- _Source data_
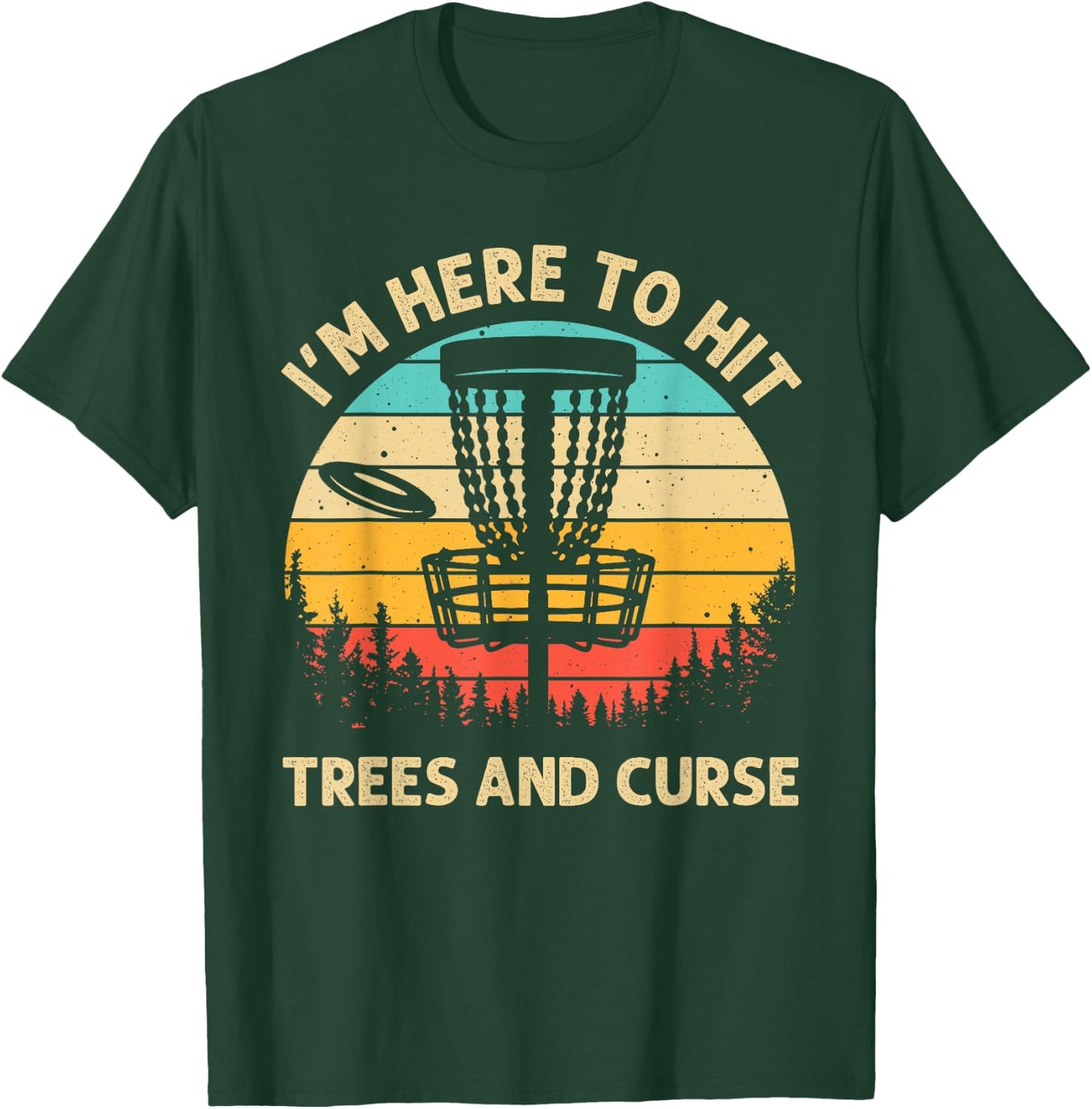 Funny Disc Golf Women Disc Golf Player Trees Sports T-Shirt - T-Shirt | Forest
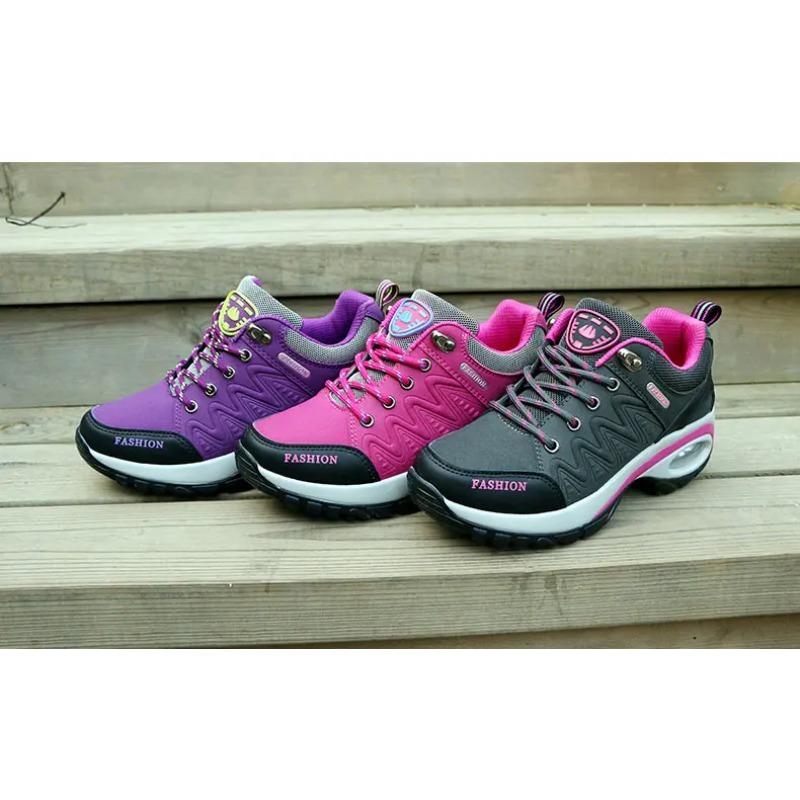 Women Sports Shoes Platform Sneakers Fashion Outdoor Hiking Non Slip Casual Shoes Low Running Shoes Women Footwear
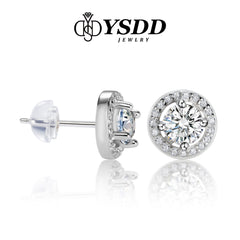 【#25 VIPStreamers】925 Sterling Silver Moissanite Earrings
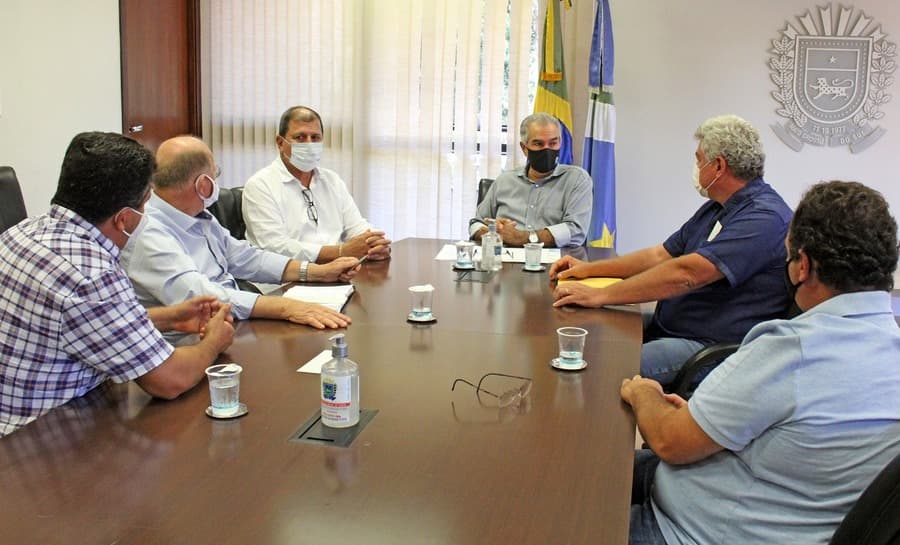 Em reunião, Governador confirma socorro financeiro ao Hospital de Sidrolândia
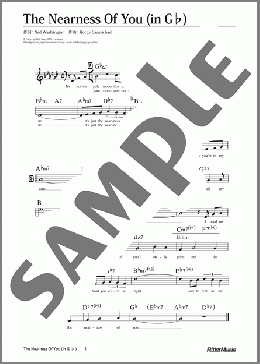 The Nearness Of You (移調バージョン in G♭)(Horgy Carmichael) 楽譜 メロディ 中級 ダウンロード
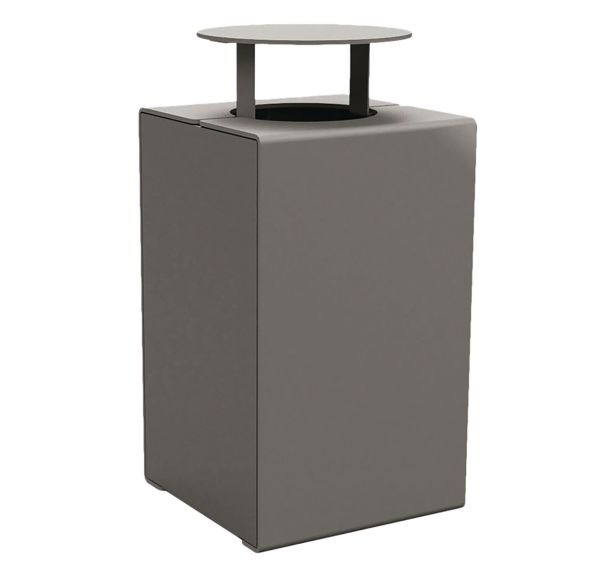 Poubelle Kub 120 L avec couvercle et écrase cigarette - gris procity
==
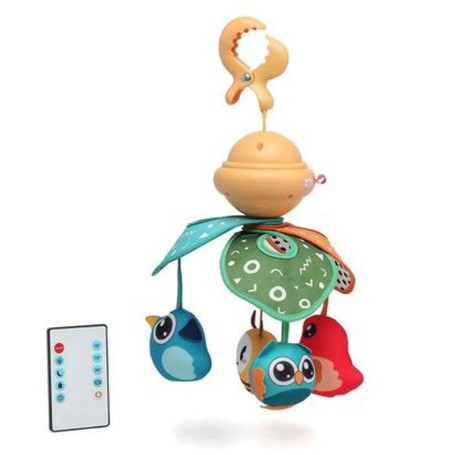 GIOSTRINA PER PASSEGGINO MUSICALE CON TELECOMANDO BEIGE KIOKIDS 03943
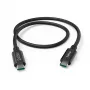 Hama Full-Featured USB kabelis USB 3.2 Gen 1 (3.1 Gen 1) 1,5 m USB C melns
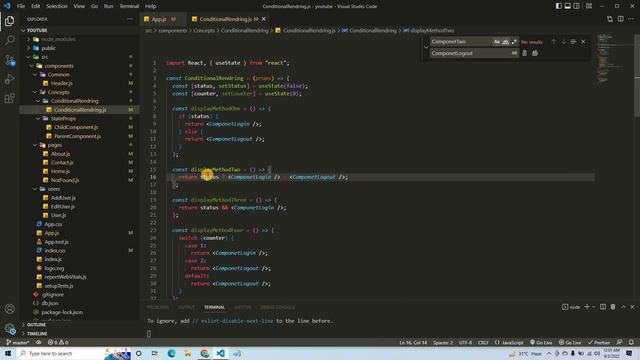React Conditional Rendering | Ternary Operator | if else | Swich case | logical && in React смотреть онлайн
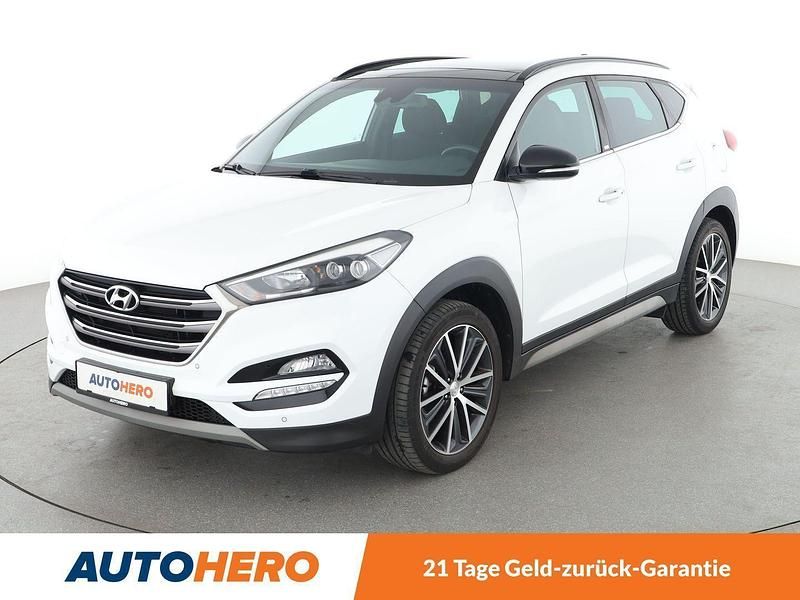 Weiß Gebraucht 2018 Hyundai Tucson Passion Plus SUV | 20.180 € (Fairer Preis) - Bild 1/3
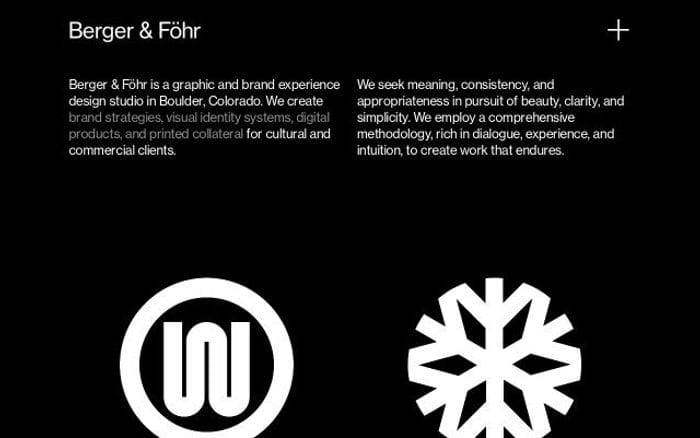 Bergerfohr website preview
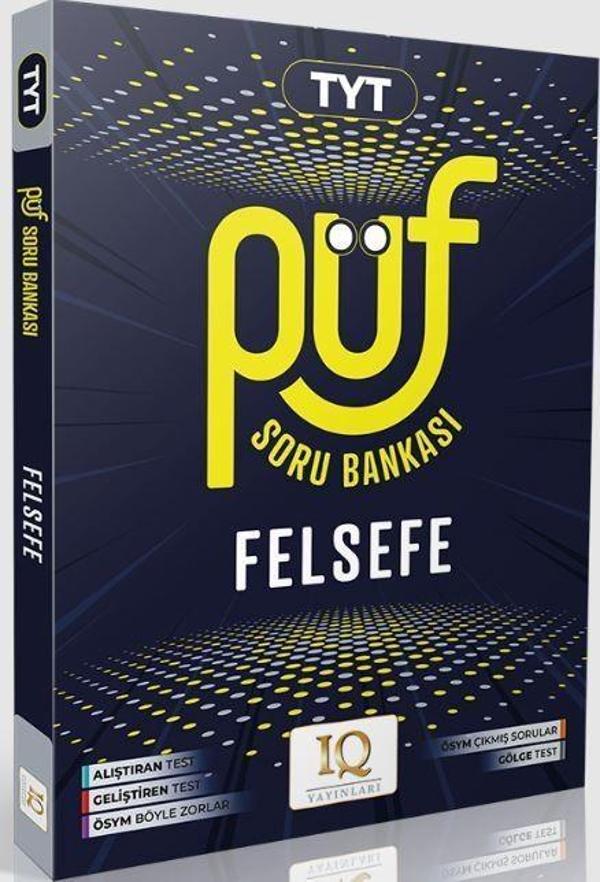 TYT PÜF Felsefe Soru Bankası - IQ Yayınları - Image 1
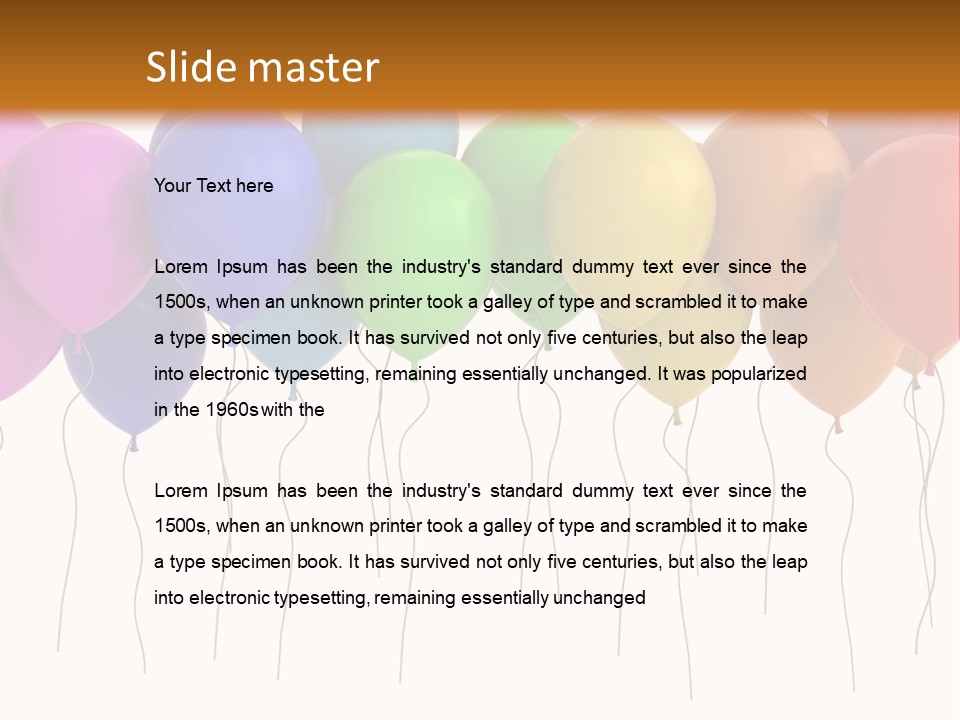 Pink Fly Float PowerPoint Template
==
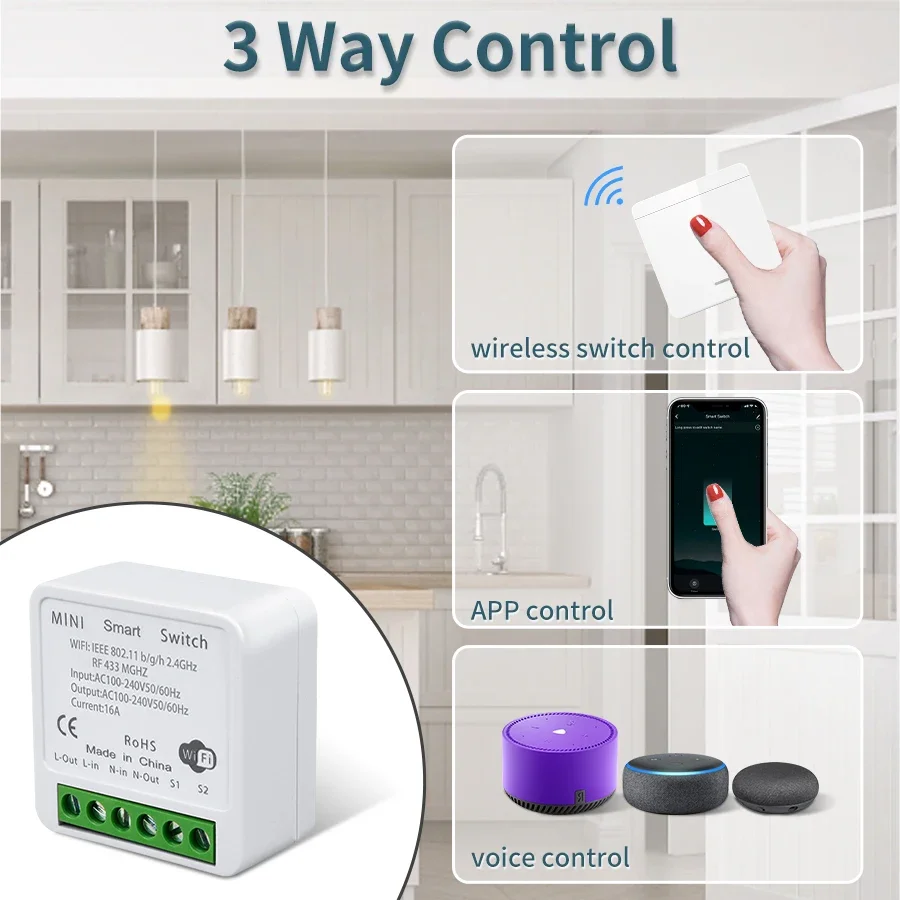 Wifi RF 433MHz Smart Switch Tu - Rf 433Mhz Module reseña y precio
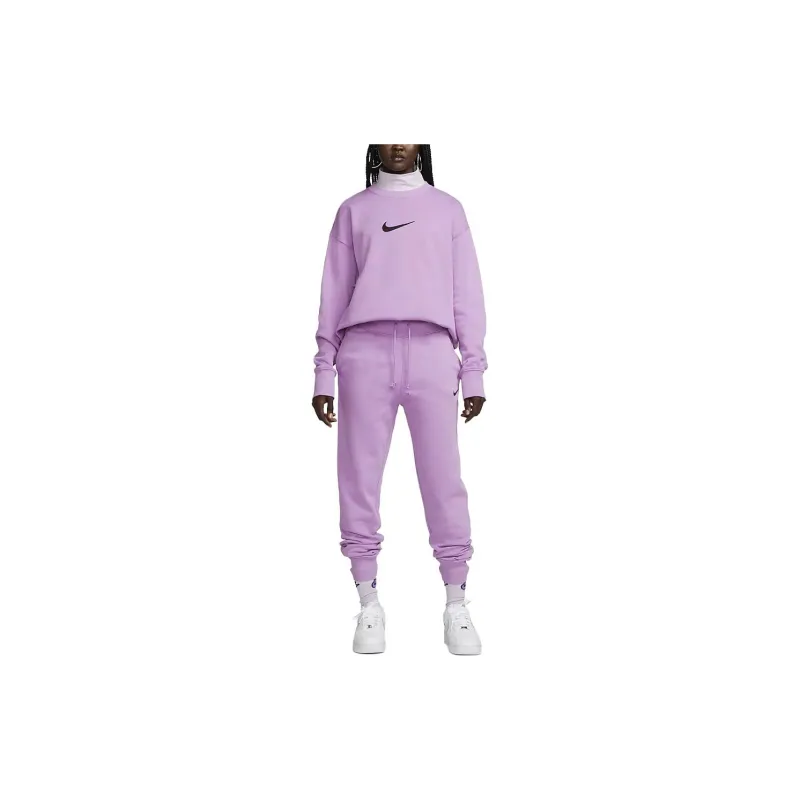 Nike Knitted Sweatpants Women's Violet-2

- _Assigned task_
Nothing but the lines above from the line with "Funny Disc Golf" up to and including the line with "Silver Moissanite Earrings" should be returned, exactly as written and without pictures.

- _Answer area_
 Funny Disc Golf Women Disc Golf Player Trees Sports T-Shirt - T-Shirt | Forest
 Women Sports Shoes Platform Sneakers Fashion Outdoor Hiking Non Slip Casual Shoes Low Running Shoes Women Footwear
 【#25 VIPStreamers】925 Sterling Silver Moissanite Earrings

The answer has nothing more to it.